__Task brief__
This exercise asks for an exact copy of the lines from the one containing "Wagner pediu emprego" through the final line of the material, with pictures omitted.
··· Records provided
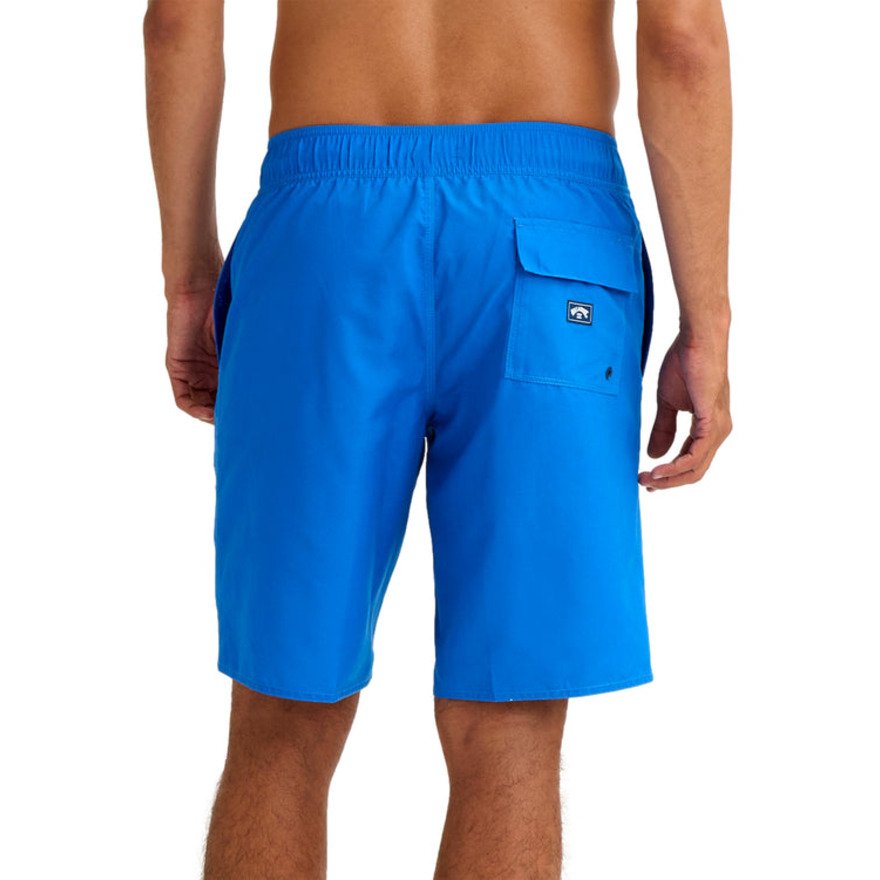 ビラボン（BILLABONG）（メンズ）ALLDAY OG ボードショーツ 20インチ 26SP BG011401 BREW
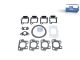 DT Spare Parts 6.00308 Dichtsatz, Abgaskrümmer / Einlassrohr passend für Multimarken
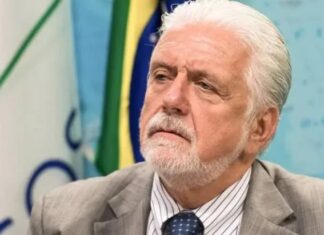 Wagner pediu emprego de R$1 milhão no Master para amigo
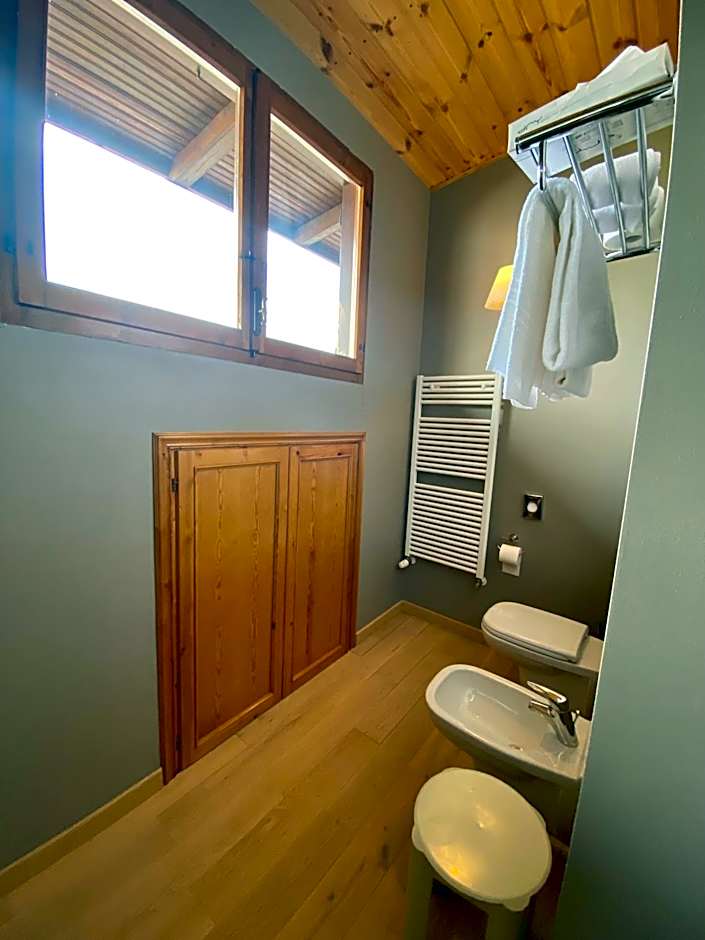 Rutzer Hotel Ristorante & Panoramic SPA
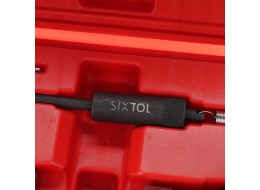 Kit per bloccaggio motore MECHANIC ENGINE TIMING SET 16, Opel, Vauxhall, Suzuki e Fiat 1.3D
······
__Exercise solution__
 Wagner pediu emprego de R$1 milhão no Master para amigo
 Rutzer Hotel Ristorante & Panoramic SPA
 Kit per bloccaggio motore MECHANIC ENGINE TIMING SET 16, Opel, Vauxhall, Suzuki e Fiat 1.3D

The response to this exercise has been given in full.